Compared to previously published findings, a larger range of color coordinates (L^*, a^*, b^*) was found in the current study. This fact can be explained by the large number of both vital and non-vital, incisors, canines and posterior teeth included in this study. When considered separately, a very high mean value of L^* values was found in the current study for vital teeth (85.6) and a very large range for chromatic parameters a^* and b^* in non-vital teeth: −2.53 – 24.80 for a^* and 8.10 – 53.43 for b^*. These findings suggest that non vital teeth have a broader color space compared to vital teeth. Further research may be necessary to verify these findings and to expand the currently accepted color range of natural teeth.

Defining a tooth color space is a very challenging theme for dental researchers. Direct and indirect restoration of non-vital teeth must be considered in terms of both esthetics and biomechanical appearance. Regardless of the great variety of existing dental shades, color of non-vital teeth has a great impact on the final restauration. When it comes to treatment needs, if the color difference between vital and non-vital teeth exceeds the perceptibility and acceptability thresholds, a requirement for corrective therapy can be expected.

Within the limitations of the present study, we can conclude that non-vital teeth have a wider color space than vital ones.

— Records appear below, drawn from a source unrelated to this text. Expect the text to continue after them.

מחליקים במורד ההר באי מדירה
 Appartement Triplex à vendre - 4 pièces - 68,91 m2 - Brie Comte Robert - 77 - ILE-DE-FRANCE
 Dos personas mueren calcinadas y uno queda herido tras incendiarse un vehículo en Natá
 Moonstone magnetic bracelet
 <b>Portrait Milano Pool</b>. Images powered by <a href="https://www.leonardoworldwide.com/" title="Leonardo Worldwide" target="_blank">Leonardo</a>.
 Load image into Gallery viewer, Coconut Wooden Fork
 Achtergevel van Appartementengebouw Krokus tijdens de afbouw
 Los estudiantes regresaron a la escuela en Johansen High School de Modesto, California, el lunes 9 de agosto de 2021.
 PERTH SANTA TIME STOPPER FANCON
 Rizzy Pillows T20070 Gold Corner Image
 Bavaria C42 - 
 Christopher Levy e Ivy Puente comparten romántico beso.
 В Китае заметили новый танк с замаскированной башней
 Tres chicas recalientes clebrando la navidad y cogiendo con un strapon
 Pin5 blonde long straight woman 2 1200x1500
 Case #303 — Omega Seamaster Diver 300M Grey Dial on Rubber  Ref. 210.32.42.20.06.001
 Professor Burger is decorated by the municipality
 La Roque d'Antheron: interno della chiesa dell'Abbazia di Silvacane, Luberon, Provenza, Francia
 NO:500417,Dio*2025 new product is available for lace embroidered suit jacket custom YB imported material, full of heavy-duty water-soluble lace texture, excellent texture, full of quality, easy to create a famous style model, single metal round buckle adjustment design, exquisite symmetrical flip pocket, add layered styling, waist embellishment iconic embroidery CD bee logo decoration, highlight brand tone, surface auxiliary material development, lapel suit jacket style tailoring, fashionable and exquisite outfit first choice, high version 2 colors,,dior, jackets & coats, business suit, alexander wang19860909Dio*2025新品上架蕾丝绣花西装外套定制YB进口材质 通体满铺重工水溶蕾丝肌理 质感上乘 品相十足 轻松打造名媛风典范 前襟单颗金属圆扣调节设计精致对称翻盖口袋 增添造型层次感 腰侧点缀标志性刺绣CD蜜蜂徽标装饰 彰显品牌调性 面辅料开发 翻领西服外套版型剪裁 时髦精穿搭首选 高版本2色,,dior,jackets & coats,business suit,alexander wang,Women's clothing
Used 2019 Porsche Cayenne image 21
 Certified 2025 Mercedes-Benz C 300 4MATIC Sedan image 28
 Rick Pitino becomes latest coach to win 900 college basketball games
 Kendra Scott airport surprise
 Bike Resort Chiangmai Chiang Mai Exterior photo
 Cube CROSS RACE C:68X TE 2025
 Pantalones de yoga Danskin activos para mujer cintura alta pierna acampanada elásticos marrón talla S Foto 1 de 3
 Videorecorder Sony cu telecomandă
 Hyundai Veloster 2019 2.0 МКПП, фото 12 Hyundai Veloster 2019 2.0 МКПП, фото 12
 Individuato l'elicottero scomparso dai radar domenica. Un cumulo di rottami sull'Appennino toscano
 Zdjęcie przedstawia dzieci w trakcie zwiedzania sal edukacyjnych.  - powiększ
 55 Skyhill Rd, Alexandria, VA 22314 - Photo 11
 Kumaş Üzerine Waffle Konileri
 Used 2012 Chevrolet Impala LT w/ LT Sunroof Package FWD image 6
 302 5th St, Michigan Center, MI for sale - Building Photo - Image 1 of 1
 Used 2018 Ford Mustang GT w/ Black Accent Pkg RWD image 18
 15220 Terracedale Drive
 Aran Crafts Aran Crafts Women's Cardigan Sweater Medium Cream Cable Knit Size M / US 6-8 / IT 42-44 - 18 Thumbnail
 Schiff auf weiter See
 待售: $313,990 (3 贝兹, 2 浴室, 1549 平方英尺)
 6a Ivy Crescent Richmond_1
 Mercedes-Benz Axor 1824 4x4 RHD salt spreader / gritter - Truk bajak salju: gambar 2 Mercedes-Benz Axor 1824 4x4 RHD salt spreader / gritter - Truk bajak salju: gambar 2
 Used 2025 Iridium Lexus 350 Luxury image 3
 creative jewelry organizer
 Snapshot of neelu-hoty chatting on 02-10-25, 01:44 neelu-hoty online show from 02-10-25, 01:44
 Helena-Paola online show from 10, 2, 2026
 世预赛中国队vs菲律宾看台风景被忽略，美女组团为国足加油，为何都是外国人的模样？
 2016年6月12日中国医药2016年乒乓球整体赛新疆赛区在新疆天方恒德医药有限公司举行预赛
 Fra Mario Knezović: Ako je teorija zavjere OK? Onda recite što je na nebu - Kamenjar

Differences have been found between the spectra covered by color coordinates of non-vital teeth compared to the matching vital teeth used as reference. Non-vital teeth appear to be darker (decreased lightness) and more saturated (increased chroma), and have an increased hue interval, compared to their vital counterparts. There was an increased tendency towards positive values on both the a^* and the b^* axes, suggesting more reddish and yellowish non-vital teeth compared to vital ones. The color differences between vital and non-vital teeth depended on tooth group (more important in posterior teeth) but not on patient age. In most investigated pairs, ΔE₀₀ between vital and non-vital teeth exceeded the perceptibility and acceptability thresholds.